Шмелева, тогда бы не было у нас и нашей России, нашей православной
России.
Почему же я счел необходимым обратиться к немецкому философу
Хайдеггеру на конференции, посвященной Православию и русской
литературе? Потому что у него нам впору сегодня учиться интеллектуальной
непреклонности и гражданскому мужеству.
Хайдеггер, после сокрушительного поражения Германии в войне,
и сам уже остраненный от преподавания в университете во французском
секторе оккупиции, в речи на праздновании годовщины со дня рождения
композитора Конрадина Крейцера в Мескирхе не побоялся напомнить
о том, что «многие немцы лишились своей родины, им пришлось
оставить свои города и села, их изгнали с родной земли» (как
будто это сказано о русских после 1991 г. – И.Е.). «А те, кто
остался на родине? – продолжает Хайдеггер. – Часто они еще более
безродны, чем те, кто был изгнан. Час за часом, день за днем
они проводят у телевизора и радиоприемника, прикованные к ним…

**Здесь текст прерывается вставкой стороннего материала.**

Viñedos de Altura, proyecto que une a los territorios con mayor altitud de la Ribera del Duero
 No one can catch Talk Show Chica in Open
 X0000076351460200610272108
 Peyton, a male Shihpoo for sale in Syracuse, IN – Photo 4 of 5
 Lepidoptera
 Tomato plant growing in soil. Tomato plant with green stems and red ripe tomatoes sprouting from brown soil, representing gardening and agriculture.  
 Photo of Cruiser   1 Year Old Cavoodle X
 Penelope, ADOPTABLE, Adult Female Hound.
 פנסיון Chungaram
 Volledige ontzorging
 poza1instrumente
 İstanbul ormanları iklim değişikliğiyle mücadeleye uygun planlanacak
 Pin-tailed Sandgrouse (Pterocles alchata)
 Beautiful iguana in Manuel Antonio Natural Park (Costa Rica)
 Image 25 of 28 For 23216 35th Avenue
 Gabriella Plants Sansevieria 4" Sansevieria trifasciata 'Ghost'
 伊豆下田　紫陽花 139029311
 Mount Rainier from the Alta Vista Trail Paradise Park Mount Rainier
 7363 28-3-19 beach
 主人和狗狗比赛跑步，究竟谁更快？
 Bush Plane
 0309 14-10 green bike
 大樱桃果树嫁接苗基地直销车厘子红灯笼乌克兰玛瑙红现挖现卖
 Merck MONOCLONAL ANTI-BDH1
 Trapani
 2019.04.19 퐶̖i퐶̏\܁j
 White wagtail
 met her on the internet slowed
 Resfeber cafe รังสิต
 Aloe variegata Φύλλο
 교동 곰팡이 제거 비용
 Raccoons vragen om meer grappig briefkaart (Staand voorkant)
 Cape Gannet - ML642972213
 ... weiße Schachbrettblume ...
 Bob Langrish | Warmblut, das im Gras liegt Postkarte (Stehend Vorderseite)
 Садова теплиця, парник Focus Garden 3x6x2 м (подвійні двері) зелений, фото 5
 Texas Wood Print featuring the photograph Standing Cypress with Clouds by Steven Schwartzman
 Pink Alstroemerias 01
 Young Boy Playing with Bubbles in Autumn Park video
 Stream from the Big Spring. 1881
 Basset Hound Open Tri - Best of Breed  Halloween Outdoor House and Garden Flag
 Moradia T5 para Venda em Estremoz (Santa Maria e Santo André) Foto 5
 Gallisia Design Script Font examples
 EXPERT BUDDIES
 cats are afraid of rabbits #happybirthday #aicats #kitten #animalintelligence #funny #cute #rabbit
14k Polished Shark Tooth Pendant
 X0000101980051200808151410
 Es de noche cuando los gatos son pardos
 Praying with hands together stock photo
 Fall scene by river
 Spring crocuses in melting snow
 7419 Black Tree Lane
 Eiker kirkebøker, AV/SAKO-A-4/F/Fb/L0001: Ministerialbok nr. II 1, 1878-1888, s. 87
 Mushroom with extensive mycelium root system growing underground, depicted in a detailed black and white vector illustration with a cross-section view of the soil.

в этом воображаемом царстве, пытающимся заменить мир, но которое
не есть мир». Это выдуманное царство «уже ближе человеку, чем
пашни вокруг его двора, чем небо над землей, ближе… чем обычаи
и нравы его села, чем предания его родной земли». Под угрозой
оказалась «сама укорененность сегодняшнего человека». Эта «утрата
укорененности», «утрата корней» опознается и провозглашается
Хайдеггером как главная опасность для Германии – в то самое
время, когда, казалось бы, любое упоминание о «почве», о великой
немецкой культурной традиции невозможно под всемирный гвалт
о «коллективной вине» чуть ли не любого национально мыслящего
немца.
В этих условиях оккупации Хайдеггер не побоялся противопоставить
два вида мышления: вычисляющее мышление и осмысляющее раздумье.
Сила была за первым. А правда – за вторым. Находясь на пепелище,
немецкий философ настаивал: настоящее произведение искусства
может созреть только «на почве своей родины», «на почве своей
родной земли». Он мог даже задать страшный вопрос, обращенный
к соотечественникам: «Есть ли еще родина, в почве которой –
корни человека, в которой он укоренен?»
А мы? Мы в России дошли в нашем духовном падении и в парализующем
нас безволии до того, что позволяем совершенно безнаказанно
какой-то бездарной и корыстной шпане, хотя и облеченной «четвертой»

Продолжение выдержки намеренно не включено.